松田選手が全国レベルで名を挙げた最初のレースは、おそらく2015年の『都道府県対抗全国女子駅伝』だったでしょう。
アンカー区間の10㎞のうち5㎞以上を、京都の奥野有紀子とビッシリ肩を並べてトップ争いを繰り広げ、トラック勝負最後の直線で鮮やかに抜け出して大阪を初優勝に導いたレースです。
この大会は、大阪と京都が鍔迫り合いをする間に後方から兵庫(林田みさき)と愛知(鈴木亜由子)がヒタヒタと追い上げ、結果的には4チームが1秒おきにゴールするという史上最高の大激戦でした。

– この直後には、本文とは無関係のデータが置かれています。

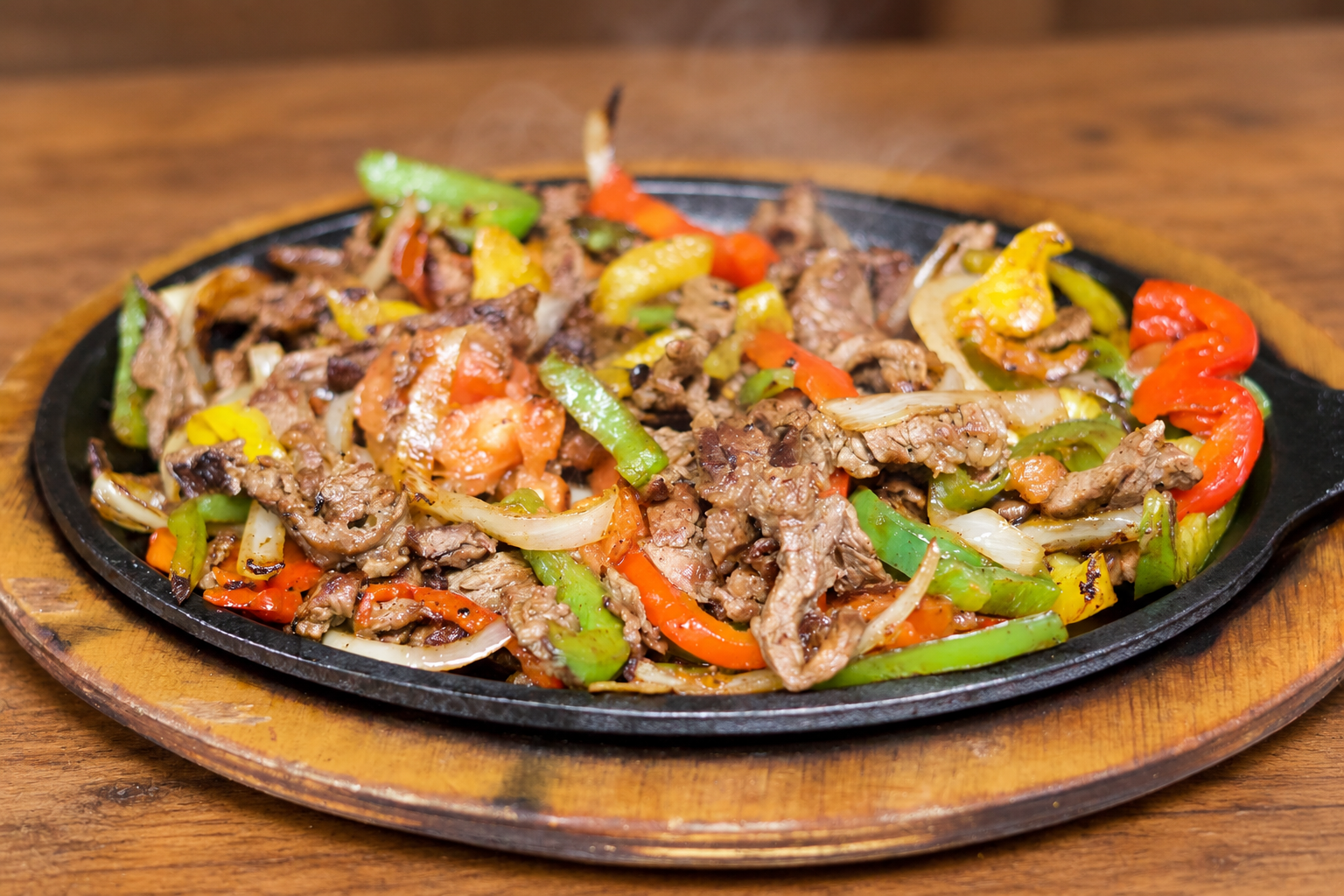 A sizzling fajita platter on a warm wood table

そんな中で優勝をさらった大阪府は、9区間のうち8区間が薫英女学院(中学・高校)の現役またはそのOGという、まさに“オール薫女”チーム。大森菜月(立命館大2→ダイハツ)・嵯峨山佳菜未(高1→第一生命G.)・高松智美ムセンビ(中3→高校3在学中)・高松望ムセンビ(高2→東京陸協)・加賀山実里(高3→立命館大3)・前田梨乃(高2→豊田自動織機)・加賀山恵奈(高3→立命館大3)そして前年に卒業して唯一の実業団ランナーとなっていた松田…当時大学2年の大森が最年長という顔ぶれです。高校生だった5人は、全員が前月の『全国高校駅伝』で初優勝した時のメンバーでした。
ちなみに、松田は1年時から3年連続で『高校駅伝』に出場しており、2年時には2区で区間賞を獲得、トップで次走者(加賀山実里)にタスキを渡しています。
松田の1年後輩になる前田穂南は、『高校駅伝』初優勝時は3年生で補欠。それどころか実に高校3年間、すべて補欠登録されていた日陰の実力者でした。

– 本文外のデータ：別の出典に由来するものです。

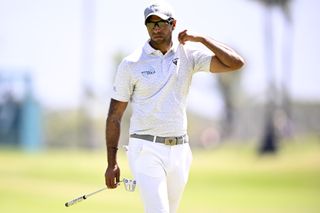 Aaron Rai adjusts the collar on his shirt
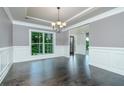 Dining room with hardwood floors, decorative wainscoting, modern lighting, and a large window with views of the backyard at 3118 Old Covington Hwy, Covington, GA 30014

松田は実業団3年目の2016年に、『全日本実業団選手権』10000mで優勝と初の32分切りを達成してトップランカーへと成長し、昨年の日本選手権優勝、世界選手権出場という大活躍を経て、今回の華々しいマラソン・デビューへと繋げました。まさしく順風満帆な躍進ぶりと言えます。
高校時代に表舞台に立つことのなかった前田(穂)は、天満屋で駅伝レギュラーの地位は確保していますが、北海道で脚光を浴びるまでの2年半は、高校時代同様にこれといった実績はありませんでした。

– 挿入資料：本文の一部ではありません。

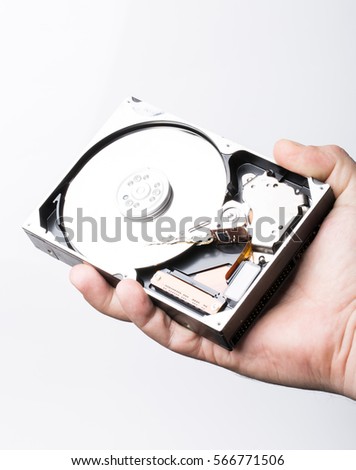 Disassembled hard disk drive in male hand on white background

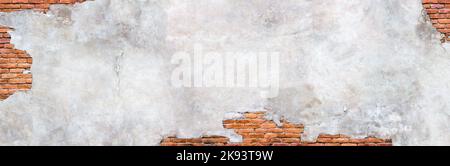 Damaged plaster wall background. Antique brick wall under concrete texture. Stock Photo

薫英女学院が高校駅伝界の「強豪」にのし上がってきたのはここ数年のことで、『全国』には2006年以来連続出場、2012年以降は6年連続入賞、そして2014年と16年に優勝を飾っています。初入賞の2012年は大森菜月(当時3年)と松田(2年)が1・2区を2位~1位で快走し最終5位、2014年は前述の5選手で立命館宇治とのマッチレースを制した年でした。
薫英躍進の旗頭であり、卒業後は学生長距離界のヒロインとまで言われた大森菜月は、大学1・2年時の活躍ぶりからするとその後ややスローダウン、実業団ルーキーイヤーの今年度も故障がちで、パッとした成績は残せていません。
2度の優勝の中心メンバーだった嵯峨山佳菜未は、実業団ルーキーの今季は『実業団駅伝』の1区でまずまずの走りを見せたものの、期待ほどの成長ぶりは見られていません。
中学時代からその類まれな素質を嘱望されていた高松ムセンビ姉妹も、ここへ来てやや伸び悩みの気配を伺わせています。


消長が激しい女子の勢力図は、今後どのように変化していくのでしょうか?…これを「薫女」の面々だけにスポットを当てて見ていっても、なかなか面白い相関図を描いていけそうです。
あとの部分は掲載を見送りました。